‘This market is going to struggle this year… as good earnings collide with what I think will be higher interest rates both by the Fed and in the Treasury market.’
That’s Wharton professor and market bull Jeremy Siegel, reiterating his “neutral” stance on what he sees as a “flat to slightly upward tilting” year ahead.
He told CNBC this week he believes the Fed’s plan to raise rates and shrink billions of dollars in Treasury holdings will keep a lid on any upward momentum.
Siegel said “3.25% on the 10-year will give stocks a pause in 2018” and that the most investors could realistically hope for is a 10% rally in the market, compared with a 25% surge on the Dow last year.
“These gains that people are talking about — 10% to 15% a year this year and maybe next year — I just don’t think they’re going to be realized,” he said.

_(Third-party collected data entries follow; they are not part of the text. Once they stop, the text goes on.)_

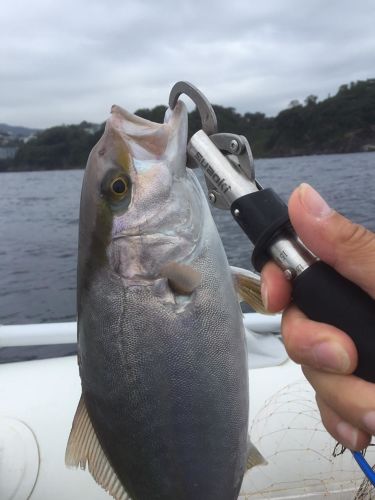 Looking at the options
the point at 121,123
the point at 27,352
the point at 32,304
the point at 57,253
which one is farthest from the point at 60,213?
the point at 121,123

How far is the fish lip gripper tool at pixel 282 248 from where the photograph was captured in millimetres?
1499

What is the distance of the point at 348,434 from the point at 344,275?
1.86 feet

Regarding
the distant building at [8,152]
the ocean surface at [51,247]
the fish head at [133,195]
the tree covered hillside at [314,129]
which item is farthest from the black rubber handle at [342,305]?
the distant building at [8,152]

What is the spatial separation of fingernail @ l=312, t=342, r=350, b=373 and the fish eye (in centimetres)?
79

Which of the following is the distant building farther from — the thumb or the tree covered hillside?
the thumb

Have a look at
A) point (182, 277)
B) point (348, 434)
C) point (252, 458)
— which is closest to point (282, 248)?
point (182, 277)

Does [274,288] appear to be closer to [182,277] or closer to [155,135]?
[182,277]

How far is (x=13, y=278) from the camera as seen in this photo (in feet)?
42.4

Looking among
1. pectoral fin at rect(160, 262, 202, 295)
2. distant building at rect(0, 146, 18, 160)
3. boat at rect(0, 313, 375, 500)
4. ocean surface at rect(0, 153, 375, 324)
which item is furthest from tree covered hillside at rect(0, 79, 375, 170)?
pectoral fin at rect(160, 262, 202, 295)

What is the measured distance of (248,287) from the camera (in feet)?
6.24

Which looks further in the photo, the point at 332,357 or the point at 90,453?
the point at 90,453

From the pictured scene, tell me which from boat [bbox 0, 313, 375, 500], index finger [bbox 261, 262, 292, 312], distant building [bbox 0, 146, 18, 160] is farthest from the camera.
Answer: distant building [bbox 0, 146, 18, 160]

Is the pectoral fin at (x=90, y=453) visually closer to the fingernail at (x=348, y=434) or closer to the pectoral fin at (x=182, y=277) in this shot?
the pectoral fin at (x=182, y=277)

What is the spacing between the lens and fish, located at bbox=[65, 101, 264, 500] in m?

Earnings season has been fairly strong so far, and expectations call for growth of 17.3% for the period, the fastest rate since 2011. Siegel, however, explains that the benefits from this year’s “front loaded” tax-cut will wind down.
“Firms are actually going to lose depreciation deductions in future years. So, it’s going to be great in 2018,” he said. “2019 — you’re going to have to have a growing economy to generate earnings gains. It’s not going to be anywhere near as easy as it was this year.”
That doesn’t mean Siegel believes you should sell. “I’m not predicting a bear market,” he said. “Valuations are still very attractive for long-term investors.”